Here is a 2.5″ Toshiba MQ01ABD050 500GB disk drive. This unit was made in 2014, but has a very low hour count of ~8 months, with only ~5 months of the heads being loaded onto the platters, since it has been used to store offline files. This disk was working perfectly the last time it was plugged in a few weeks ago, but today within seconds of starting to transfer data, it began slowing down, then stopped entirely. A quick look at the SMART stats showed over 4000 reallocated sectors, so a full scan was initiated.

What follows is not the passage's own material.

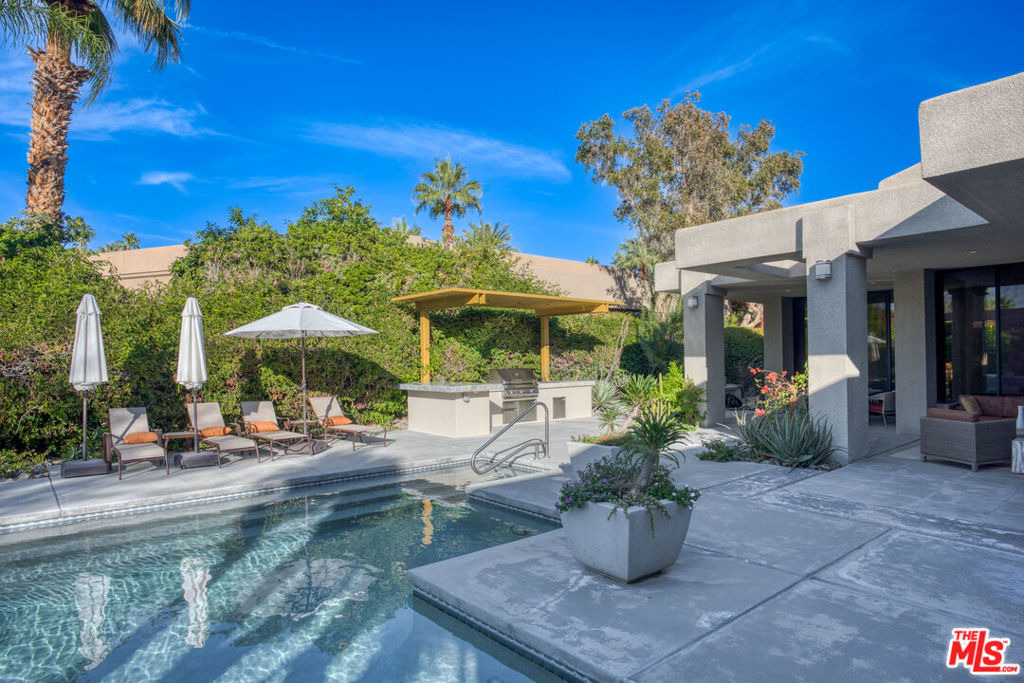6 Rocky Lane - Photo 3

After the couple of hours an extended test takes, the firmware managed to find a total of 16,376 bad sectors, of which 10K+ were still pending reallocation. Just after the test finished, the disk began making the usual clicking sound of the head actuator losing lock on the servo tracks. Yet SMART was still insisting that the disk was OK! In total about 3 hours between first power up & the disk failing entirely. This is possibly the most sudden failure of a disk I’ve seen so far, but SMART didn’t even twig from the huge number of sector reallocations that something was amiss. I don’t believe the platters are at fault here, it’s most likely to be either a head fault or preamp failure, as I don’t think platters can catastrophically fail this quickly. I expected SMART to at least flag that the drive was in a bad state once it’s self-test completed, but nope.
After pulling the lid on this disk, to see if there’s any evidence of a head crashing into a platter, there’s nothing – at least on a macroscopic scale, the single platter is pristine. I’ve seen disks crash to the point where the coating has been scrubbed from the platters so thoroughly that they’ve been returned to the glass discs they started off as, with the enclosure packed full of fine black powder that used to be data layer, but there’s no indication of mechanical failure here. Electronic failure is looking very likely.
Clearly, relying on SMART to alert when a disk is about to take a dive is an unwise idea, replacing drives after a set period is much better insurance if they are used for critical applications. Of course, current backups is always a good idea, no matter the age of drive.